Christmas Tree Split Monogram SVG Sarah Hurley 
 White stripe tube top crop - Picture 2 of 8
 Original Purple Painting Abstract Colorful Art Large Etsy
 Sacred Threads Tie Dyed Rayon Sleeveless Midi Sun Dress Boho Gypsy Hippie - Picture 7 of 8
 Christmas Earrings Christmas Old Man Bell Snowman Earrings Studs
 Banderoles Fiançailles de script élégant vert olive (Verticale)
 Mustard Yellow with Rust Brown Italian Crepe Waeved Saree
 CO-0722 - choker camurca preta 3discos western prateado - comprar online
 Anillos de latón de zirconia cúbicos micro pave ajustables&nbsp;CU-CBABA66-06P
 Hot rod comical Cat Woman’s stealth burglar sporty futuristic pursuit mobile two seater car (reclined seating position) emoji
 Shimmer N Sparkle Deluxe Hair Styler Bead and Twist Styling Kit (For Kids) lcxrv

▸ **WHAT NEEDS TO BE DONE**
Out of the data above, set down the lines from the one with "Christmas Earrings Christmas" to the one with "Anillos de latón", both included, exactly as written and with no additions.

▸ **RESULT**
 Christmas Earrings Christmas Old Man Bell Snowman Earrings Studs
 Banderoles Fiançailles de script élégant vert olive (Verticale)
 Mustard Yellow with Rust Brown Italian Crepe Waeved Saree
 CO-0722 - choker camurca preta 3discos western prateado - comprar online
 Anillos de latón de zirconia cúbicos micro pave ajustables&nbsp;CU-CBABA66-06P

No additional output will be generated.